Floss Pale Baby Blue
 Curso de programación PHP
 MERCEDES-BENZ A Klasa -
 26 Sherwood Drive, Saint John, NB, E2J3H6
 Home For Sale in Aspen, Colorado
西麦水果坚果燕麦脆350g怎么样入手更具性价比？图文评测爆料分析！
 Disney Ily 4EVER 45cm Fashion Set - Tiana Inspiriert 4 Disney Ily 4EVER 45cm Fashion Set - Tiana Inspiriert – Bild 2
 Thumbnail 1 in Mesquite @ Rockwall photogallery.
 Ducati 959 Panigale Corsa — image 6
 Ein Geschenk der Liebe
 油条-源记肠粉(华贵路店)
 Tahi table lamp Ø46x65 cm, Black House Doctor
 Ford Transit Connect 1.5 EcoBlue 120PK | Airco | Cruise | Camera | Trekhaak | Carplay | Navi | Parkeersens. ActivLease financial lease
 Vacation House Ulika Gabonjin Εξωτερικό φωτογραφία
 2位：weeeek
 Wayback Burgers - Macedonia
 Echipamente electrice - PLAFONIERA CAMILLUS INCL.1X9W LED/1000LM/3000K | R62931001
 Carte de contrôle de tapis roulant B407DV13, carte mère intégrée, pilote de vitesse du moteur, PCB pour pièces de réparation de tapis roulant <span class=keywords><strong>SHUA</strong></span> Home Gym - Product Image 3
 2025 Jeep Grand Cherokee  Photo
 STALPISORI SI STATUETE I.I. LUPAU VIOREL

--------------------------------------------------

▸ **Task to carry out**:
Whenever the string "Home" occurs in a line of the entries above, copy that line.

▸ **Response area**:
 Home For Sale in Aspen, Colorado
 Carte de contrôle de tapis roulant B407DV13, carte mère intégrée, pilote de vitesse du moteur, PCB pour pièces de réparation de tapis roulant <span class=keywords><strong>SHUA</strong></span> Home Gym - Product Image 3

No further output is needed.